Thanks, and I wondered that too. The purpose of the partially open bypass is in event that if one of the motorised valves (no.2, 3 or 4) fails to open and all the others are closed, then water cannot flow anywhere, the pump will keep pumping in to an effectively closed circuit and the boiler will keep heating the water. The oil boiler will trip out because of it's built in over-temperature check but the log boiler won't/can't. Pressure and heat will build up and something will break :eek:. Having it partially open relieves some of that pressure/flow at the cost of some heat being returned to the system.

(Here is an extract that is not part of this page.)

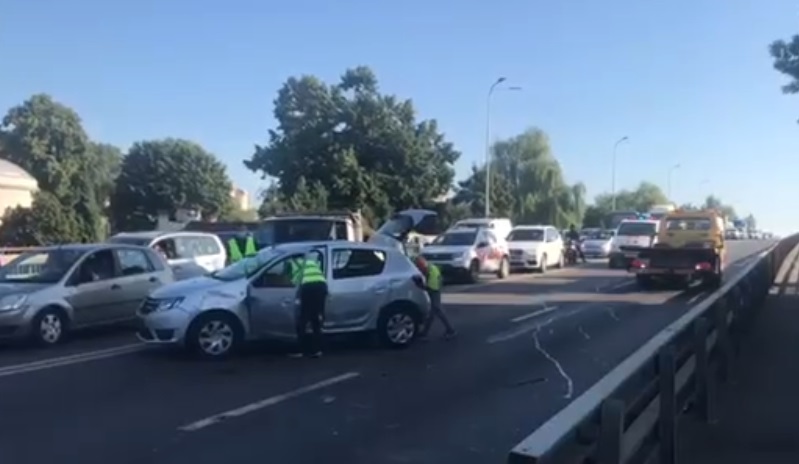 VIDEO. ACCIDENT GRAV pe Podul Decebal. Persoane încarcerate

The bypass valve in my circuit is just a simple gate valve whereas nowadays the recommendation is to fit an automatic bypass valve which only opens at a set pressure. Much more efficient and safe. I was going to fit one to replace the manual one but the pumps I've bought (Grundfos UPS3) state not to use an auto-bypass valve if using proportional pressure mode.
 
Thanks, and I wondered that too. The purpose of the partially open bypass is in event that if one of the motorised valves (no.2, 3 or 4) fails to open and all the others are closed, then water cannot flow anywhere, the pump will keep pumping in to an effectively closed circuit and the boiler will keep heating the water. The oil boiler will trip out because of it's built in over-temperature check but the log boiler won't/can't. Pressure and heat will build up and something will break :eek:. Having it partially open relieves some of that pressure/flow at the cost of some heat being returned to the system.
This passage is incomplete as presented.